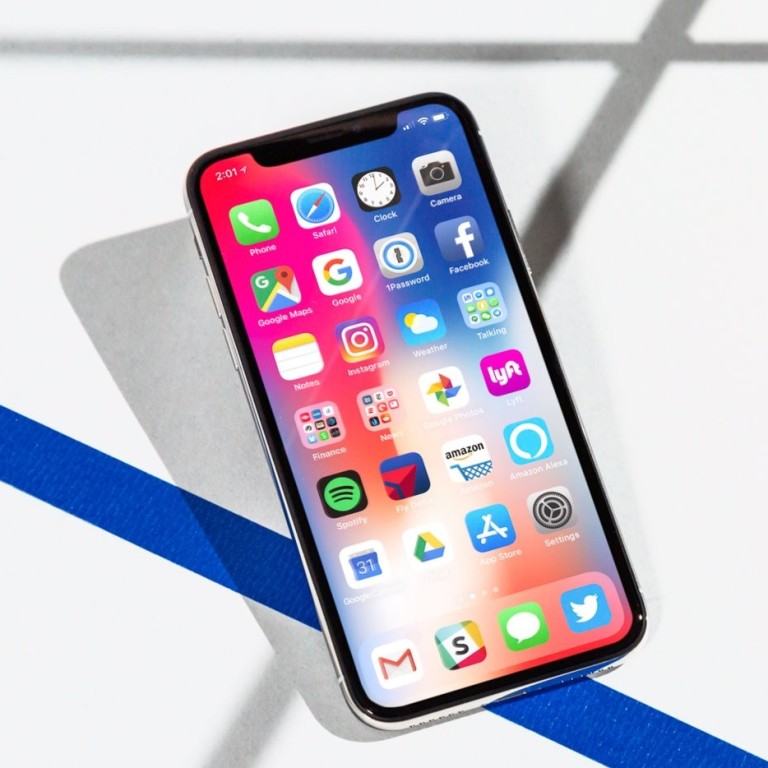 You will have to go into your settings to trust third-party apps to use apps on your iPhone that are not found in Apple’s App store. Photo: Business Insider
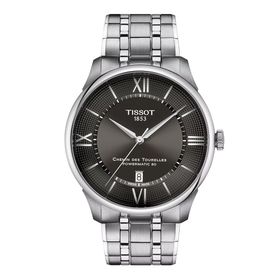 Tissot T139.407.11.068.00 Erkek Kol Saati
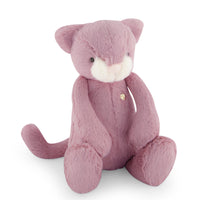 Snuggle Bunnies - Elsie the Kitty - Lilium Childrens Toy from Jamie Kay NZ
++++
PROBLEM STATEMENT: Copy exactly, please, the lines that run from the line holding "Tissot T139.407.11.068.00 Erkek Kol Saati" through the closing line of the material above, omitting every picture.

RESPONSE TO THIS EXERCISE:
 Tissot T139.407.11.068.00 Erkek Kol Saati
 Snuggle Bunnies - Elsie the Kitty - Lilium Childrens Toy from Jamie Kay NZ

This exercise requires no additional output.